▸ EXERCISE INSTRUCTIONS:
As the lines appear below, please set them down exactly, starting at the first and finishing with the one containing "我不会为你化身孤岛完结版小说沈瑢川江宜侬".

▸ INPUT RECORDS:

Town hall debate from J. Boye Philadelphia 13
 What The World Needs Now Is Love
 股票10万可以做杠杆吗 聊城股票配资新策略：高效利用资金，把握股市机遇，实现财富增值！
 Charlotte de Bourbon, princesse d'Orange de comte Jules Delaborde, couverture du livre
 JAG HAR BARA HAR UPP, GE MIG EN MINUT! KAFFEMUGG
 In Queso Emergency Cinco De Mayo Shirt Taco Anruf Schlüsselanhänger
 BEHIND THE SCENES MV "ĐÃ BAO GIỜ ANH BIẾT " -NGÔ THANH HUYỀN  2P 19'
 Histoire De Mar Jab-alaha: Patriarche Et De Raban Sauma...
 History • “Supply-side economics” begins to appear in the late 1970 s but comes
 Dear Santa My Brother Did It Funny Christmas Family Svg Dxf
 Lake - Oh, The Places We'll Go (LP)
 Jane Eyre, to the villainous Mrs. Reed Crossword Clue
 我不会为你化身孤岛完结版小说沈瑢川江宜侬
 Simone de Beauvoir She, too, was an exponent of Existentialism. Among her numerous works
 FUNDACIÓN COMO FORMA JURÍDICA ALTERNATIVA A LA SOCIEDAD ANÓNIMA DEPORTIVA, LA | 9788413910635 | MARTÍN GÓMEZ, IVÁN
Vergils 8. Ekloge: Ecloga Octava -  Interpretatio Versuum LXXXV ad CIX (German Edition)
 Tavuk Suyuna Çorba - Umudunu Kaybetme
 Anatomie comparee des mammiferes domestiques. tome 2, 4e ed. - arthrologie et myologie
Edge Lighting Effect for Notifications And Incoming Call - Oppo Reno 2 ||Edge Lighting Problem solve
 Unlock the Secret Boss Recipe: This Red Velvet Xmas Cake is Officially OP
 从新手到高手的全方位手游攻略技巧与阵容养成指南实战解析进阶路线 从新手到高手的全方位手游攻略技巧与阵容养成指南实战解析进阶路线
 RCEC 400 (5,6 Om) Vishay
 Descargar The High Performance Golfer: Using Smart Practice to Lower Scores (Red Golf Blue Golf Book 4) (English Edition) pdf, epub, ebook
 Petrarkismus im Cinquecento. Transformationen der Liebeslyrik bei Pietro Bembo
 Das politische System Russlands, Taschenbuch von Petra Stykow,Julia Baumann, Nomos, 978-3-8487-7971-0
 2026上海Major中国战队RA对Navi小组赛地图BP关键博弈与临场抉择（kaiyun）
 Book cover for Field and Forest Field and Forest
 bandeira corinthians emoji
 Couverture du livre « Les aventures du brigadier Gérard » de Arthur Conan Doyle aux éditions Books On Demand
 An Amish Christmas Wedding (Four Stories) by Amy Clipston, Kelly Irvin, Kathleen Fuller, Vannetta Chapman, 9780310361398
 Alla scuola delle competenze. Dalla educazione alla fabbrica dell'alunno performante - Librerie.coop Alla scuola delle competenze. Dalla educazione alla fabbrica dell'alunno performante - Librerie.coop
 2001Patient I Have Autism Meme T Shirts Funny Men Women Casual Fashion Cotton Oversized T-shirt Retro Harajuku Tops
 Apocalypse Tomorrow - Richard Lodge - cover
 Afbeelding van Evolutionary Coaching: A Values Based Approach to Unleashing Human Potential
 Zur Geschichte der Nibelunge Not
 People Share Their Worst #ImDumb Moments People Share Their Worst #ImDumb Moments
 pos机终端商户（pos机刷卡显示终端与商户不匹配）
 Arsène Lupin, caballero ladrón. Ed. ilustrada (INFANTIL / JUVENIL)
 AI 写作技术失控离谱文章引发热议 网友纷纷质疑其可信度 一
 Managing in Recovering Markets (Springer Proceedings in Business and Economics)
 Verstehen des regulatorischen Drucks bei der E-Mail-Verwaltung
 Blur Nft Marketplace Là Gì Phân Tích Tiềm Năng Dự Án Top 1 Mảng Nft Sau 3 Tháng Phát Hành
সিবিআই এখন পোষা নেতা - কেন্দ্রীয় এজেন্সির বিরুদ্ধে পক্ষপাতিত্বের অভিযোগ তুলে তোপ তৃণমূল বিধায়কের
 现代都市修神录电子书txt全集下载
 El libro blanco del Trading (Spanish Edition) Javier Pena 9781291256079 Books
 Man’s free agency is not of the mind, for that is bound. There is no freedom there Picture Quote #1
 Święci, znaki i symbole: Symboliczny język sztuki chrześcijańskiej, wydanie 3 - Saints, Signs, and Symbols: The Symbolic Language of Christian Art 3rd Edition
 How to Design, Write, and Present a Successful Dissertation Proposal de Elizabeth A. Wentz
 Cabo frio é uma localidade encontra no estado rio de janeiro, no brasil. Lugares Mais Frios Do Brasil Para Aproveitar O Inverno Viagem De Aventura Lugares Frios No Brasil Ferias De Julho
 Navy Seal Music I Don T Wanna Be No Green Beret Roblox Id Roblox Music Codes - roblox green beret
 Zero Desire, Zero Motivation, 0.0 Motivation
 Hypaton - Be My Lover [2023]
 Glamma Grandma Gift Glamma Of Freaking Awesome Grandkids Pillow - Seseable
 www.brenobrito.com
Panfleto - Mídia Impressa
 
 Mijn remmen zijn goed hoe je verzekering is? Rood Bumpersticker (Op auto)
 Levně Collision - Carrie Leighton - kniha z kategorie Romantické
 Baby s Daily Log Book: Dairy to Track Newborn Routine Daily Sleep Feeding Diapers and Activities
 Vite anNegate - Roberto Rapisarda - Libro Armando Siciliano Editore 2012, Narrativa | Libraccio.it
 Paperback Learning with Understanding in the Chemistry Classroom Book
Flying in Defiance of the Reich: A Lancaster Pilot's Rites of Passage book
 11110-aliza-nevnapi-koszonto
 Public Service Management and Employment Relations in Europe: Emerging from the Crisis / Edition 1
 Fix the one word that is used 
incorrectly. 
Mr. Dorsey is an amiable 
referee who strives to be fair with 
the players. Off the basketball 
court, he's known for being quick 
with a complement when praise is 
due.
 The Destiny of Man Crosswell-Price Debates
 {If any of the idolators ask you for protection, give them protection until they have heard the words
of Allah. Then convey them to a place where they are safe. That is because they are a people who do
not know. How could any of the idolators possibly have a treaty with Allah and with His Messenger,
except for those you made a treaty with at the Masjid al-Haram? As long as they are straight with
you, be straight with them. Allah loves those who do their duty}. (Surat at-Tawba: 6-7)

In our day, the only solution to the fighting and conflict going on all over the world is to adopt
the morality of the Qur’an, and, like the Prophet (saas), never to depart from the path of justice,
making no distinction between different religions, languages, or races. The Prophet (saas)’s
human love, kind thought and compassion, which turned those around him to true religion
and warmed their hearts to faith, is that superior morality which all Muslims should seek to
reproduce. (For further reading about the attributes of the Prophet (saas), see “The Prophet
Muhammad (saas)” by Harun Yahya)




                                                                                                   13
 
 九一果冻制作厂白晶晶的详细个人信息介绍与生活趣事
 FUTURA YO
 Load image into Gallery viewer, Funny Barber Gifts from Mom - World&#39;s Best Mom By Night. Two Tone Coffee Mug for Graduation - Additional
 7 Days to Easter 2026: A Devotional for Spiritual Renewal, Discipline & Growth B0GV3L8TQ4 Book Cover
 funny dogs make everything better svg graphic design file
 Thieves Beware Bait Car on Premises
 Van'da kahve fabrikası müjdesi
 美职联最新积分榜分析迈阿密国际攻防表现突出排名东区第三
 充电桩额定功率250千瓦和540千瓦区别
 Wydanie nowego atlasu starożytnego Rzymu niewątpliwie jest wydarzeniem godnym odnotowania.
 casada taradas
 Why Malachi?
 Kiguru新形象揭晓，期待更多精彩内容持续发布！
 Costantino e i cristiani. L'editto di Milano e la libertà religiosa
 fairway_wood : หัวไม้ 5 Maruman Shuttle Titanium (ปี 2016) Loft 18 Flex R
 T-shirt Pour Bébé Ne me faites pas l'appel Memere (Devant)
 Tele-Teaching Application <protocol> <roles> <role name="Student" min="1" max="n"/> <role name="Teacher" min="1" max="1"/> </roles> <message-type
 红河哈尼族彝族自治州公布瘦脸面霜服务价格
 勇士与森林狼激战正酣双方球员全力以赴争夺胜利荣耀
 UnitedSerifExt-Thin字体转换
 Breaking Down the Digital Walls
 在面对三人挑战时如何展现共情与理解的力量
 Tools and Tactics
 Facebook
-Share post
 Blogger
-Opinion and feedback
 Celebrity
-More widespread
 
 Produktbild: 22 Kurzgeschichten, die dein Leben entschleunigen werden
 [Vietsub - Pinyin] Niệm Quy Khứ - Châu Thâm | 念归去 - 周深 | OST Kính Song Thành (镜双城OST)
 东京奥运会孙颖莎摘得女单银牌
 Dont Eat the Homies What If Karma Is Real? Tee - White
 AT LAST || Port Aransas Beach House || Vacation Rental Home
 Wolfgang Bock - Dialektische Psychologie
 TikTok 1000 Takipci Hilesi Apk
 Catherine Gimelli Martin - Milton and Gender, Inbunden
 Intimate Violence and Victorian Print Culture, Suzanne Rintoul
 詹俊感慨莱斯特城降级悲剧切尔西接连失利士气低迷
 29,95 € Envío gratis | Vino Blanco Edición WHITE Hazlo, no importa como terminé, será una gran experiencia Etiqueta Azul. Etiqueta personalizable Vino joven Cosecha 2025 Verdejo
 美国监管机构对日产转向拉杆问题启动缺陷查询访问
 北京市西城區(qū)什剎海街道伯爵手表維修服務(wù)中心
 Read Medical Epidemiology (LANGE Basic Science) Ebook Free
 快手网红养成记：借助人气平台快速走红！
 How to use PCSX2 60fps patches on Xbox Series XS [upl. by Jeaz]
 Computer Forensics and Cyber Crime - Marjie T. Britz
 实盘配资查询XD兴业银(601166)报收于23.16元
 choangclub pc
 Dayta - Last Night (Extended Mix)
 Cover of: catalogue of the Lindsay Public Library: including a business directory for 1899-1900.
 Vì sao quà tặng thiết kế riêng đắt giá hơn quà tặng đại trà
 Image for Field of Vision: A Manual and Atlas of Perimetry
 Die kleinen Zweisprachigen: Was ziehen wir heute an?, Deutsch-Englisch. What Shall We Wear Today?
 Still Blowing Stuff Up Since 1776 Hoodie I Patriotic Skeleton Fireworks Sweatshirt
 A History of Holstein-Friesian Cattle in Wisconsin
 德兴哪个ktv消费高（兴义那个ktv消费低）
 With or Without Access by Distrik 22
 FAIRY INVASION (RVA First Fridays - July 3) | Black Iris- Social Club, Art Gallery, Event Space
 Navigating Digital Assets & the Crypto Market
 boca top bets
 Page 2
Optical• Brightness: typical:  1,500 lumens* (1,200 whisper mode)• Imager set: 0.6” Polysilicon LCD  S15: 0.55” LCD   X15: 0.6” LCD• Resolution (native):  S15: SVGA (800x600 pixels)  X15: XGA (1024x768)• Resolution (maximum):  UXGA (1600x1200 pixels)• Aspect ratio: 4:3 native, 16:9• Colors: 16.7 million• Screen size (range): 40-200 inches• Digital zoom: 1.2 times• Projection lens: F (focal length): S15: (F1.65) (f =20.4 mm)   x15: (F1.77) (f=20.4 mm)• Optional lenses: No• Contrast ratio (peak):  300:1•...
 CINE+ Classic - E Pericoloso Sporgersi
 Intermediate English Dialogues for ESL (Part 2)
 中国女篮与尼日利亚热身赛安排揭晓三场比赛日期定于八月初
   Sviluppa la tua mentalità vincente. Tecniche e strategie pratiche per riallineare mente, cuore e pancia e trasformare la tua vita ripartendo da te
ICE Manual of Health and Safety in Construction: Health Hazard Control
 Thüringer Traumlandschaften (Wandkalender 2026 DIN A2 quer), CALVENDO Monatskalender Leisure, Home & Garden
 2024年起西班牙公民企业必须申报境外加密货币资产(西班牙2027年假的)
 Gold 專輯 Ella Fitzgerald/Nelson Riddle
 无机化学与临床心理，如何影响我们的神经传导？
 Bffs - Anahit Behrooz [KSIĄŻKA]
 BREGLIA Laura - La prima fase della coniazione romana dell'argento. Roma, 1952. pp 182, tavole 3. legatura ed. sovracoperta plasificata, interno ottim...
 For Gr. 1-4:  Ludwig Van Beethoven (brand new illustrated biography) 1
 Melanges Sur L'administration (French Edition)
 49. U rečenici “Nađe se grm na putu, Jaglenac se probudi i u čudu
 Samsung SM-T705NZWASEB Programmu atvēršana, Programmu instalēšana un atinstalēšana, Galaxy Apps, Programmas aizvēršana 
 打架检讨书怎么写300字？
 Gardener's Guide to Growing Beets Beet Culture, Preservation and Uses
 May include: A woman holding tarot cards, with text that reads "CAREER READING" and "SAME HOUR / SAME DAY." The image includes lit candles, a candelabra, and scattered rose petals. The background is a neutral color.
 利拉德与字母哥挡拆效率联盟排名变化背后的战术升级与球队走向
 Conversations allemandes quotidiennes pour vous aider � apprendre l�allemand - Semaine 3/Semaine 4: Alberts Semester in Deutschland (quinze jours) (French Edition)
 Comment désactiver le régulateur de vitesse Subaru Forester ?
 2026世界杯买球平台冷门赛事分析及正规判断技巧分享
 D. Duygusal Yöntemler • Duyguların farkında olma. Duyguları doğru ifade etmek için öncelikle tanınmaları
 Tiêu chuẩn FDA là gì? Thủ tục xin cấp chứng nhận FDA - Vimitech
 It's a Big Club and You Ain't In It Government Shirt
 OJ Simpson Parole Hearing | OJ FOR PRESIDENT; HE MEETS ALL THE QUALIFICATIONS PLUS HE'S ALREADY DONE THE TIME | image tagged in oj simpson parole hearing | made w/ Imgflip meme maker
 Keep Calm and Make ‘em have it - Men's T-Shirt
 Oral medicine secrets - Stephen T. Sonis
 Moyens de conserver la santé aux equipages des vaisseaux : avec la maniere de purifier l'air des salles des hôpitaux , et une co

▸ YOUR SOLUTION:
Town hall debate from J. Boye Philadelphia 13
 What The World Needs Now Is Love
 股票10万可以做杠杆吗 聊城股票配资新策略：高效利用资金，把握股市机遇，实现财富增值！
 Charlotte de Bourbon, princesse d'Orange de comte Jules Delaborde, couverture du livre
 JAG HAR BARA HAR UPP, GE MIG EN MINUT! KAFFEMUGG
 In Queso Emergency Cinco De Mayo Shirt Taco Anruf Schlüsselanhänger
 BEHIND THE SCENES MV "ĐÃ BAO GIỜ ANH BIẾT " -NGÔ THANH HUYỀN  2P 19'
 Histoire De Mar Jab-alaha: Patriarche Et De Raban Sauma...
 History • “Supply-side economics” begins to appear in the late 1970 s but comes
 Dear Santa My Brother Did It Funny Christmas Family Svg Dxf
 Lake - Oh, The Places We'll Go (LP)
 Jane Eyre, to the villainous Mrs. Reed Crossword Clue
 我不会为你化身孤岛完结版小说沈瑢川江宜侬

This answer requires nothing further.